Mario Bava (fotografia), Flavio Mogherini (scene), Carlo Rustichelli (musiche) e Sergio Leone (aiuto regista): questi nomi costituiscono la spiegazione che mi sono dato al fatto che mai Bologna, al cinema, fosse stata mostrata così bella.
A settant’anni di distanza, questa pellicola in bianco e nero resta una pietra miliare nell’immaginario sul nostro centro storico, con il suo catalogo di scorci caratteristici: dalle chiese (San Francesco, Santa Maria dei Servi) alle Piazze (Mercanzia, Porta Ravegnana, Galvani, Malpighi, Minghetti, Roosevelt), dalla Scalinata del Pincio al parco della Montagnola, dallo stadio Comunale alla Stazione Centrale, dai giardini Margherita alle vie con i loro portici (Broccaindosso, Castiglione, Indipendenza, Farini, Rizzoli, Santo Stefano, Saragozza, Ugo Bassi e Zamboni).

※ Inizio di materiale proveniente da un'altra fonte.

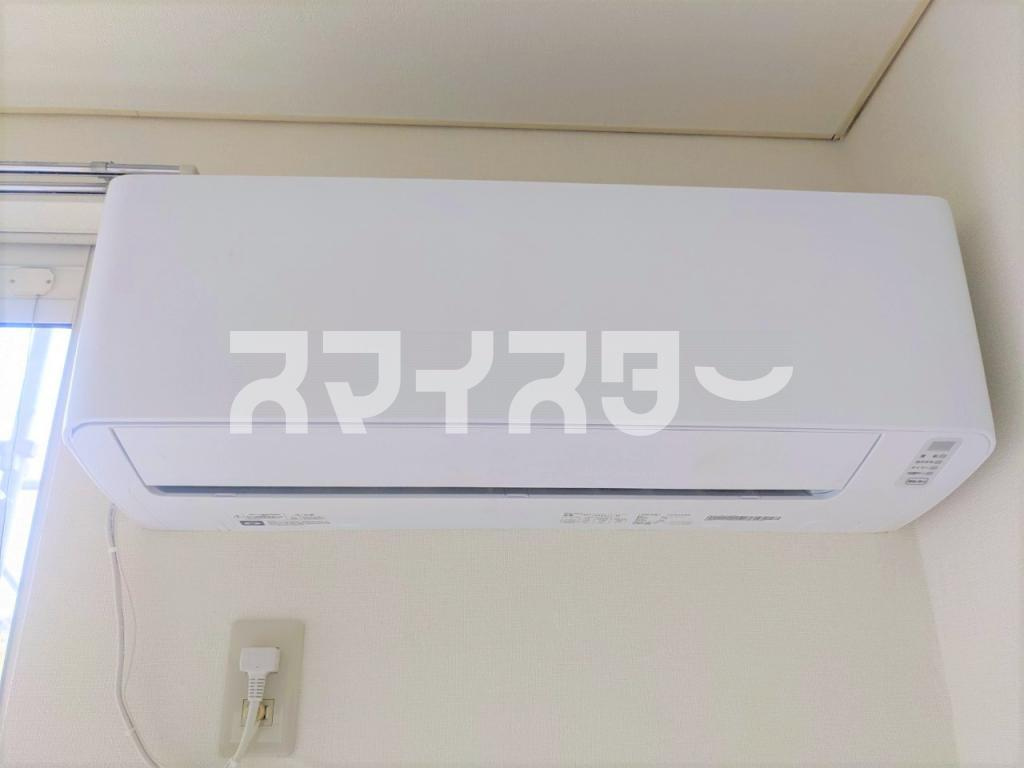 ビレッジメゾン美山の設備
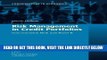 [Free Read] Risk Management in Credit Portfolios: Concentration Risk and Basel II (Contributions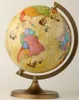 Zachem Globe 220 su tyrinėtojų maršrutus Náhľad obrázku produktu 2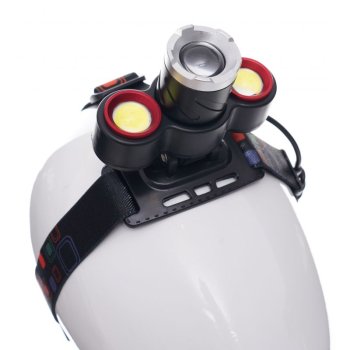 Kraft&Dele KD1245 čelovka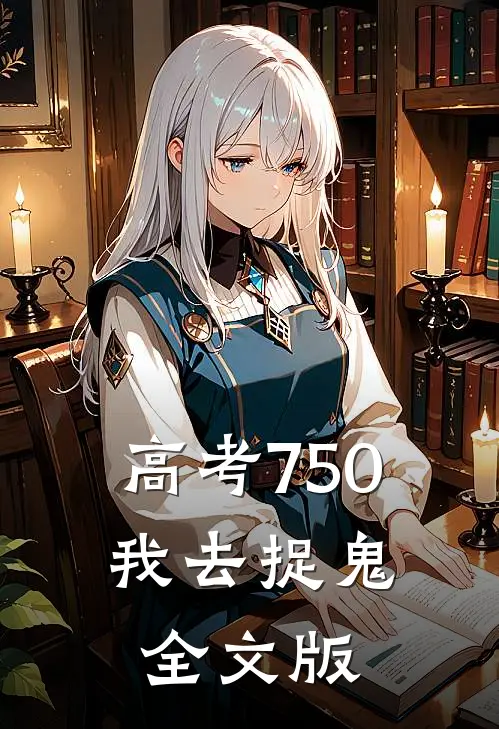 高考750，我去捉鬼全文版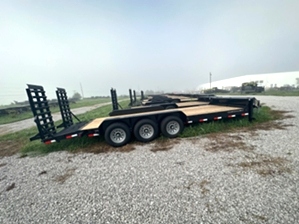 20+3 Aardvark 21k Trailer On Sale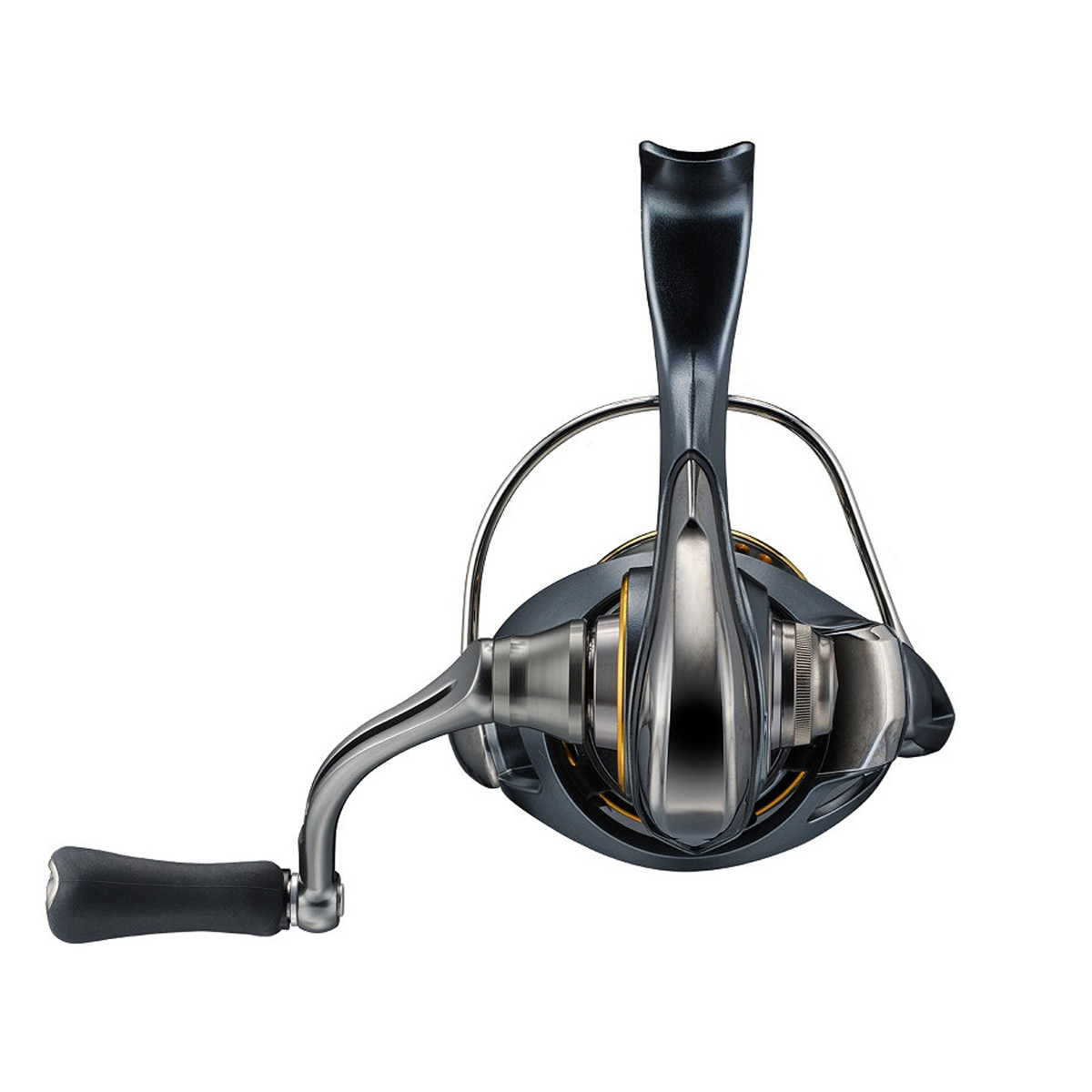 Катушка Daiwa 23 Airity LT 2500S фото 4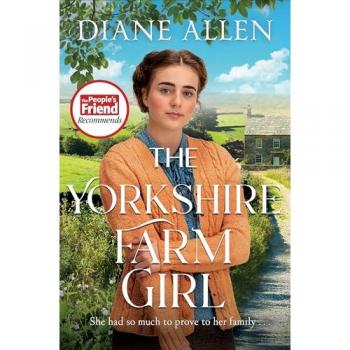 The Yorkshire Farm Girl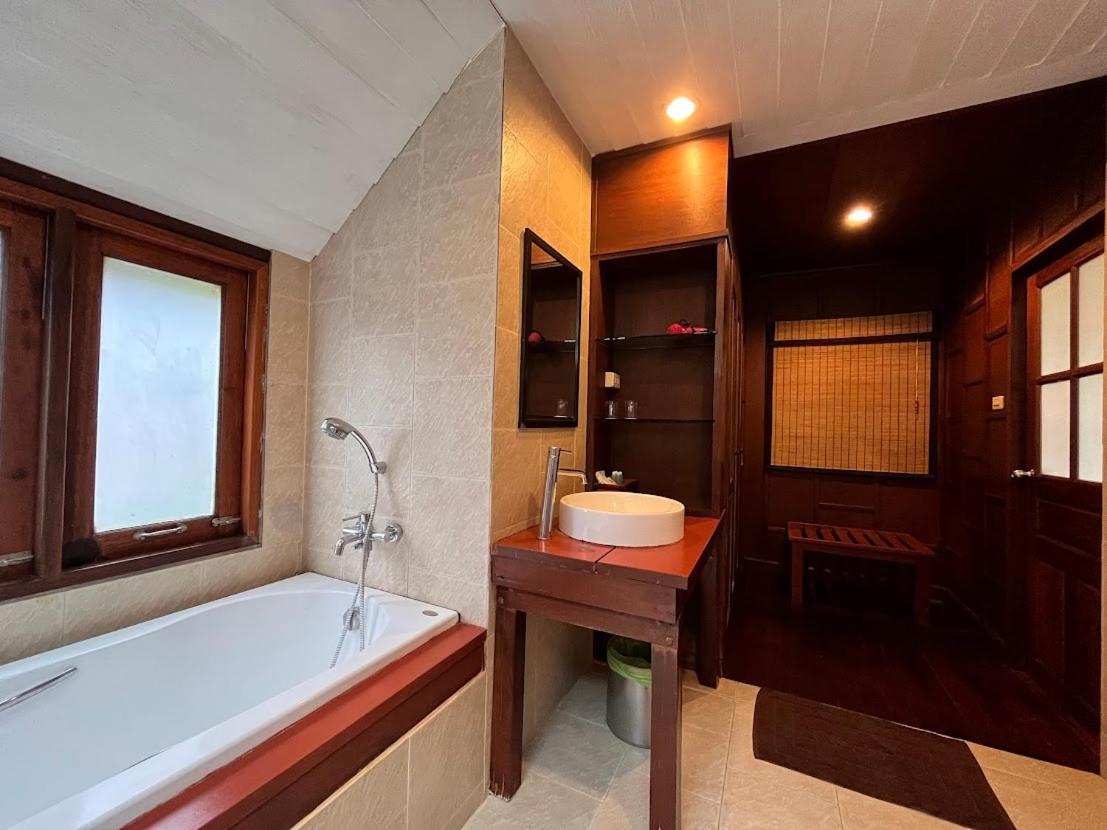 Green Papaya Beach Resort, Koh Phangan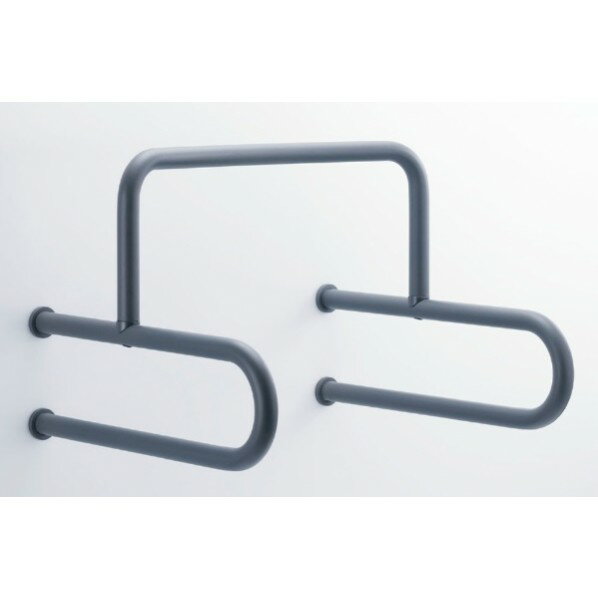 小便器用手すり グレー KF-H701AEJ/GYA 1点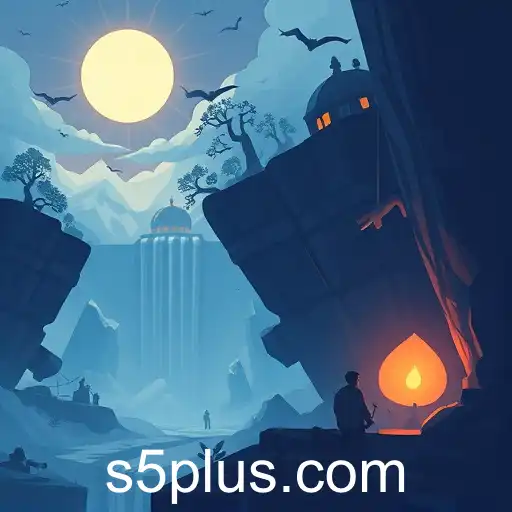 Exploring the Unique Charm of Indie Games: An Insight into the S5 Category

Il soggetto di Luciano Vincenzoni, sceneggiato da Mario Bonnard, Fabrizi e Ruggero Maccari, imbastisce l’esile filo di una bonaria commedia all’italiana, fatta di equivoci e buoni sentimenti, tensioni e riappacificazioni, con immancabile lieto fine.
Orgoglioso conducente di tram, Cesare Mancini (Fabrizi) è nato a Roma e si è trasferito a Bologna per amore, ma ancora vive in casa di una suocera convinta che sua figlia meritasse di meglio. Cesare ha la passione delle bocce, gioca in coppia con il suo bigliettaio (Carlo Campanini) ma, proprio per le continue umiliazioni a bocce, il suo capo (il corpulento spagnolo Juan de Landa, già apparso in Ossessione), sembra averlo preso di mira. I Mancini hanno una figlia in età da marito (Lucia Banti) e si avvicina la serata in cui l’Azienda tranviaria premierà la sua “reginetta”: le concorrenti dovranno mostrare di saper cucire, stirare e fare le tagliatelle.
È l’orgoglio a far sì che Cesare nasconda alla famiglia il suo declassamento a bigliettaio, frutto di un provvedimento disciplinare. Sul tram “rubato”, l’atmosfera mi ha fatto pensare a Miracolo a Milano.